Exercise description: The copy should hold exactly the lines below from the one that contains "SOLID STATE STORAGE" through the one that contains "Clash Royale Electrovalle" and nothing else, so no pictures.

Extracted records:

——

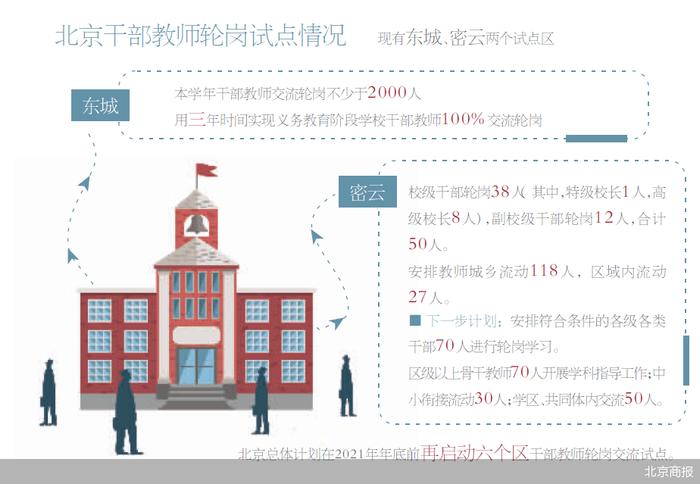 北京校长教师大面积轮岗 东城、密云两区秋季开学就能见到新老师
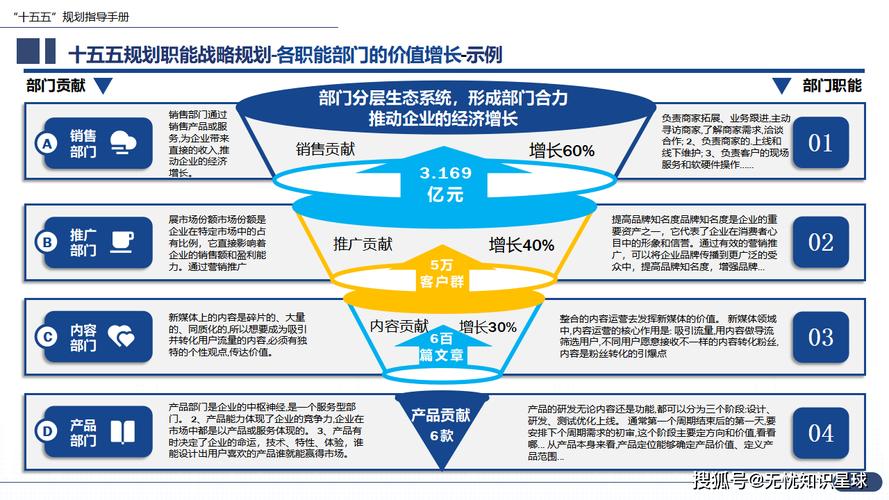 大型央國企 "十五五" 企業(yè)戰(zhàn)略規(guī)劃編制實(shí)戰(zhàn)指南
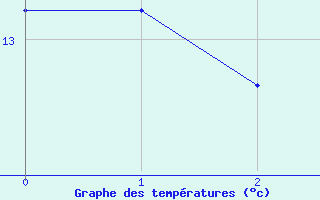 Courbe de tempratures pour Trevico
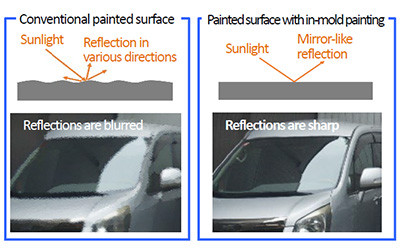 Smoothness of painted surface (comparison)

——

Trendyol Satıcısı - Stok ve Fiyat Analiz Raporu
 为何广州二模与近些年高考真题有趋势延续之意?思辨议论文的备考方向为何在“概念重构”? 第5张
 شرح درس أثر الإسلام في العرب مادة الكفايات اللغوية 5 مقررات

——

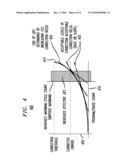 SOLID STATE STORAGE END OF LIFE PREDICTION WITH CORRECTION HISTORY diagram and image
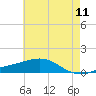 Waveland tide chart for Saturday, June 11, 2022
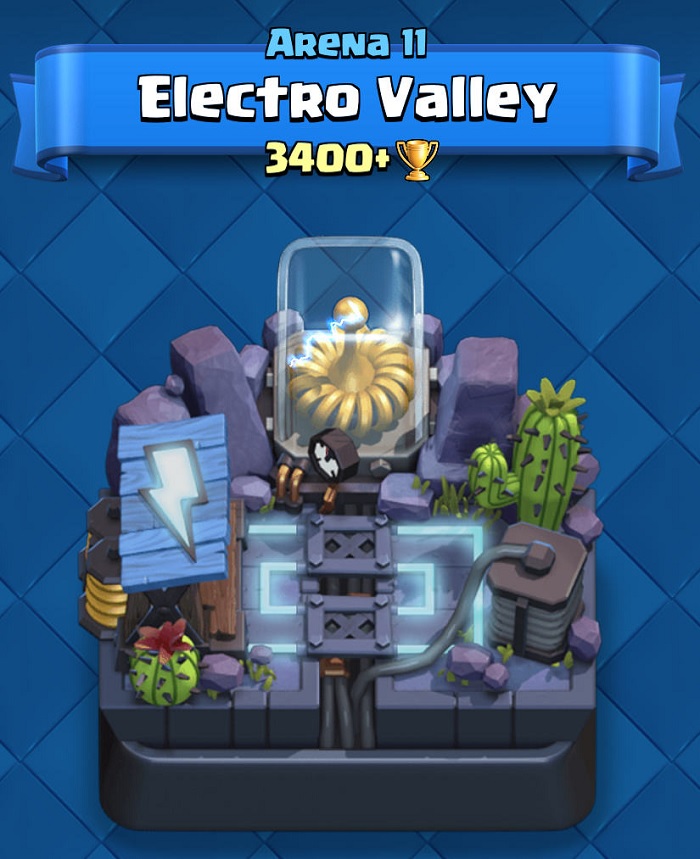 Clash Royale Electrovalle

——

Reply to the exercise:
 SOLID STATE STORAGE END OF LIFE PREDICTION WITH CORRECTION HISTORY diagram and image
 Waveland tide chart for Saturday, June 11, 2022
 Clash Royale Electrovalle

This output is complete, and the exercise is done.